Theo grinned. “I’m pretty sure I found the right Atticus Eaton. You know, the guy named on Rowan’s birth certificate. And you won’t believe what else I discovered.”

While Brent’s team made headway, Rowan and Will sat around her dining table discussing the pros and cons of focusing on the commune as it pertained to Hallie.

“How would she have ended up there?” Rowan asked, sipping from a mojito Will had thrown together. “Unless the Celestial Moon broke apart near Half Moon Bay and Hallie washed up on the beach there. After all, Phoebe Jamieson mentions a dozen times or more in her research that the members of the commune routinely hung out on that stretch of beach. I know Gwynn loved it there.”

“The newspaper articles weren’t specific about where the ship went down. Despite my years of attempting to pinpoint the exact location, I found it impossible to narrow it down. Many said that pieces of the boat washed up as far south as Santa Cruz and as far north as Half Moon Bay. Remember when I mentioned Pelican Pointe was the epicenter?”

“Like an earthquake,” Rowan murmured.

“Yeah. Sort of. I reached out to several weather experts to get tidal information for December 20th. The results confirm the storm was so powerful that it could’ve scattered debris in a fifty-mile radius up and down the coastline.”

“Okay, so if that fisherman rescued you near San Gregorio, it’s not that much of a stretch to think Hallie might’ve ended up somewhere near Half Moon Bay. Let’s say a member of the commune happened along after the storm and saw a young girl lying on the beach. They take her back to the farmhouse, where, at some point, Lynette decides to adopt her out to another family. What do you say we dig through everything Phoebe sent us? I mean really dig, separate the Nichols’ personal stuff, and focus on adoption records. There has to be a paper trail, right?”

“You’d think but I doubt phony paperwork will help us locate Hallie.”

“You never know,” Rowan said as she started combing through Phoebe Jamieson’s sometimes confusing files. It was an array of correspondence, invoices, medical records, tax returns, and legal documents that Phoebe had obtained via the Freedom of Information Act.

With a mass of papers before them, the two culled out those that didn’t seem relevant and concentrated on the forged adoption papers. Some were difficult to spot. But others stood out from the rest because of sloppy details that raised red flags. During a time period that covered August 1999 through April 2000, they found the same couple listed on eight different birth certificates who had supposedly given up eight babies in one year. According to state records, the couple didn’t exist.

“None of these papers are real,” Rowan declared, sliding them toward Will to inspect.

“There’s no driver’s license or social security number prior to 1999 for that couple,” Will asserted. “Talk about lucking out. It seems no one bothered to check whether these adoptions were legit. Hallie could be here somewhere in the adoptions that happened between January 2000 and April 2000.”
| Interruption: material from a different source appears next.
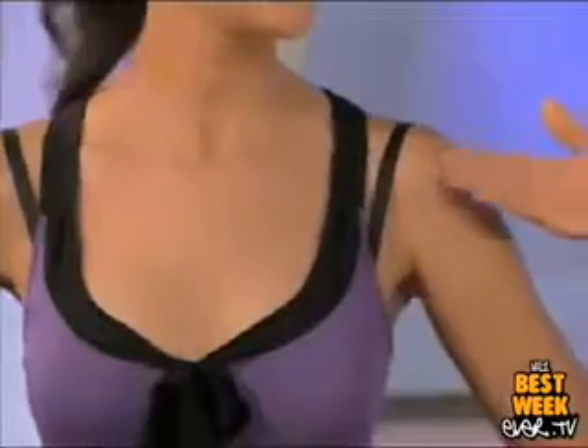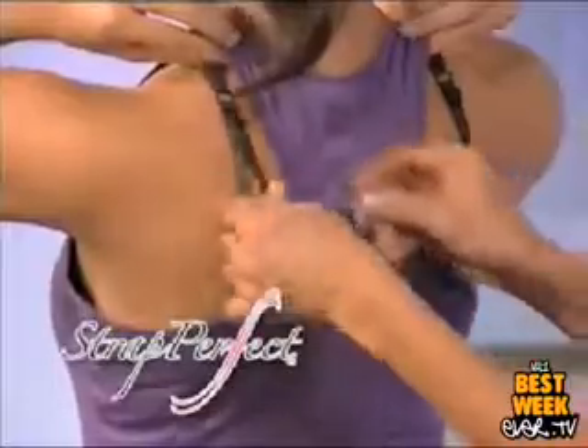Sorry girls, I know this look is hot, but showing your bra straps is not. Hi, I'm Taylor Baldwin and you're going to love this. It's Strap Perfect, the ultimate bra strap solution.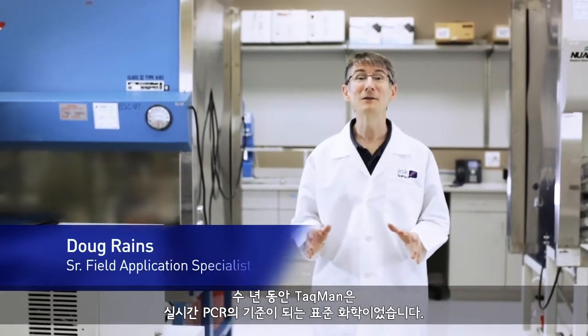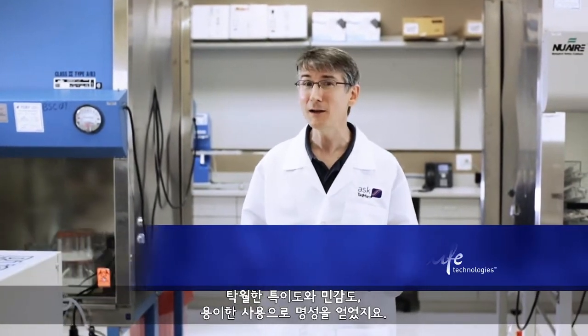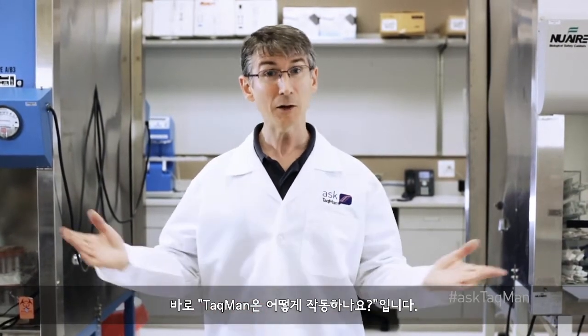For many years, TaqMan has been the gold standard chemistry for real-time PCR. It's famed for its unparalleled specificity, sensitivity, and ease of use. So it's not surprising that users want to know what Shrikant at ICL College in India asked recently — namely, how does TaqMan work?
“We should concentrate on ages, four to five and up. We don’t know how long she spent at the commune, but it probably wasn’t for long. Here are two more that fit the timeframe. Different mothers are listed on the birth records. Could she have been adopted out as a five-year-old?”

“Sure. Why?”

“Because I’m holding paperwork referring to a Judge Silverton signing off on the adoption of a five-year-old girl named Callie. Callie Shelby.”
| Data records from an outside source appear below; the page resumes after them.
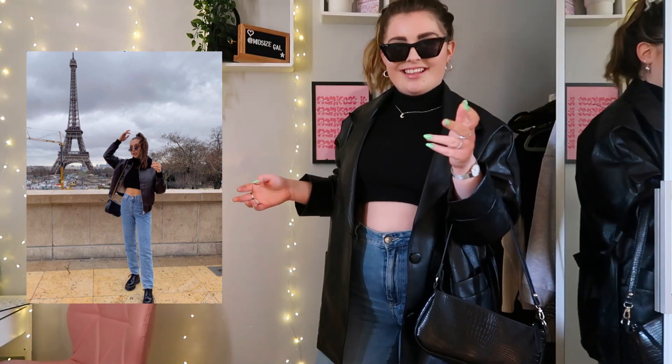I won't lie to you, I think this is an alright fit. She's edgy, she's cool, she's in Paris — but she's really not. This is Tier 4. She's trying to be in Paris, okay.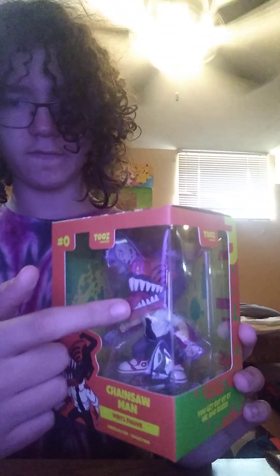Let's pop it out. Here it is. One thing I noticed is the art doesn't have the tongue, but the figure itself does. That's cool, I guess.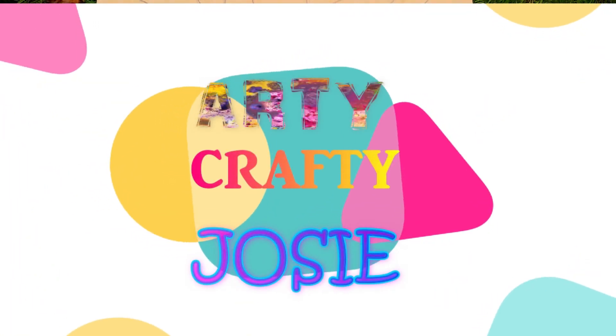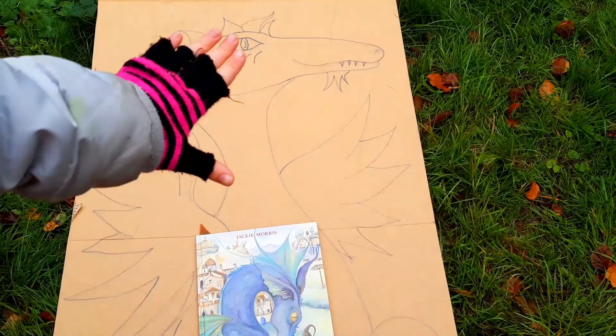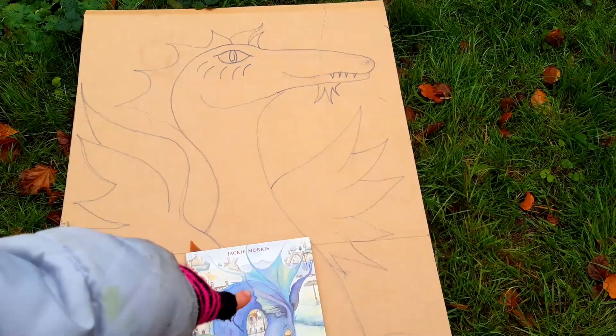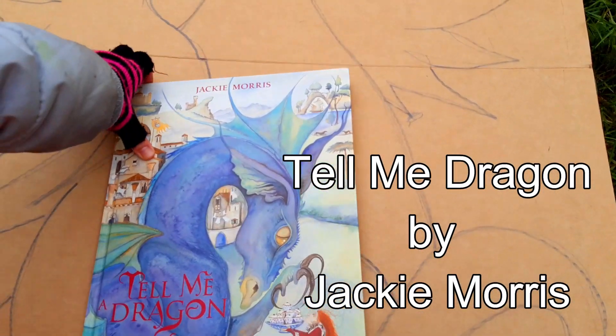Hey guys, I'm Cathy and Jacey and today I'm going to be making my own dragon. My mum drew this picture for me and I got the idea from this book. I'm going to show you my favourite dragon inside it.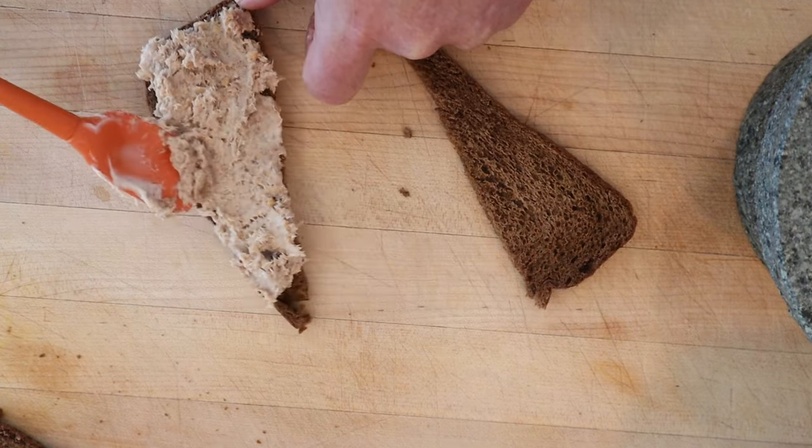Does it taste like cat food? I won't know, because I've never eaten cat food. Okay, let's give this Virginia Sandwich a go. It's not horrible. I'm very much okay with sardines from a can — boneless, skinless sardines. They're not very far off from tuna, a little bit stinkier, but still tasty. The peanuts are interesting, bringing that in. And then the rye bread.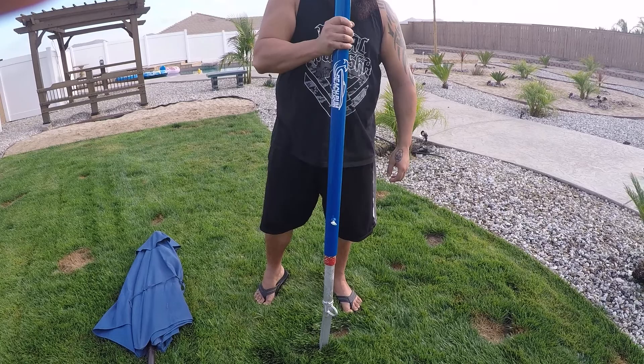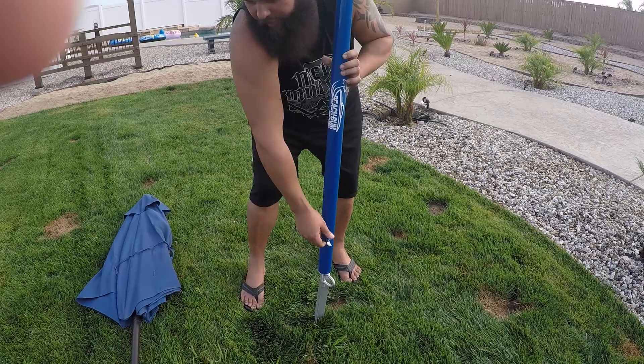Grab your beach bum shade adapter, slide it over your slide anchor, and go ahead and fasten it to your slide anchor.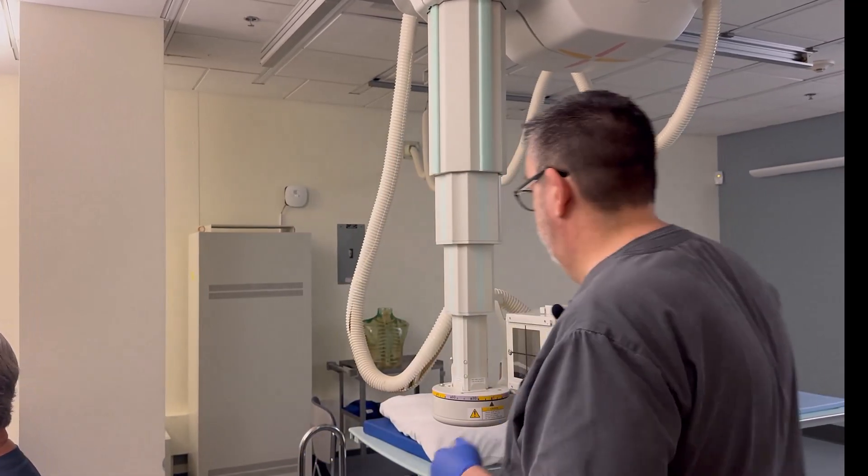For this view, we're going to do the PA Caldwell. The positioning is going to be identical to the PA skull, with the OML perpendicular to the image receptor. But this time, we're going to throw a 15-degree caudal angle on the tube, which I'll do now.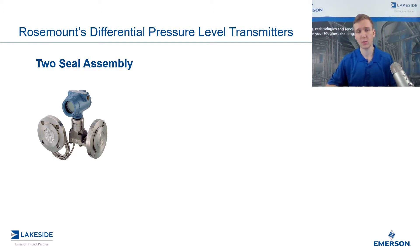The reason we utilize two seals, as we discussed in previous videos, is we want to connect the low side of this DP transmitter up to the top of that vessel, thereby eliminating the effect of head pressure on that DP transmitter.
Will’s head whipped up from the stack of papers he’d been perusing. “It’s gotta be Hallie. Callie / Hallie. Our next step should be hunting down the court records.”

“I’m not sure that would do any good, Will. Have you noticed what all of these adoptions have in common?”

“No. What?”

“This Judge Silverton sealed all the records. They’re not available to the public. That piece of paper I showed you simply refers to Nichols giving his okay for ‘Callie’ to go into the adoption queue. It’s almost as if they were clearing out the farmhouse of children they’d been housing up to the time of the murders. We could get Phoebe to check out this judge though or go up there ourselves and confront him.”
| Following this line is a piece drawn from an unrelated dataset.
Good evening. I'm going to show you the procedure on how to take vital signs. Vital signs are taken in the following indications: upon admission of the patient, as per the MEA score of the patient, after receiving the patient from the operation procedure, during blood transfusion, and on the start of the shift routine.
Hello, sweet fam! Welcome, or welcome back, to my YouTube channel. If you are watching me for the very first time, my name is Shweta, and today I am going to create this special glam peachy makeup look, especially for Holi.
“My vote is to confront him face to face.”

Rowan let out a sigh after keying the name into a search engine. “Not possible. Judge Silverton died in 2010.”

Will slammed his palms down on the table in frustration. “Every time I get close, this is what happens. I hit another dead end.”

Rowan reached out her hand and laid it on Will’s arm. “It’s not a dead end if we have her name and phony date of birth that we can trace. Once she entered the school system under Callie Shelby, there has to be a paper trail.”

From the information Brent’s team accumulated they had more questions than answers So many that Eastlyn tried to prioritize the list. They sat around the conference table long into the night doing their best to piece together answers to what they’d found so far. Over pizza and spaghetti, the four of them dissected each piece of the puzzle.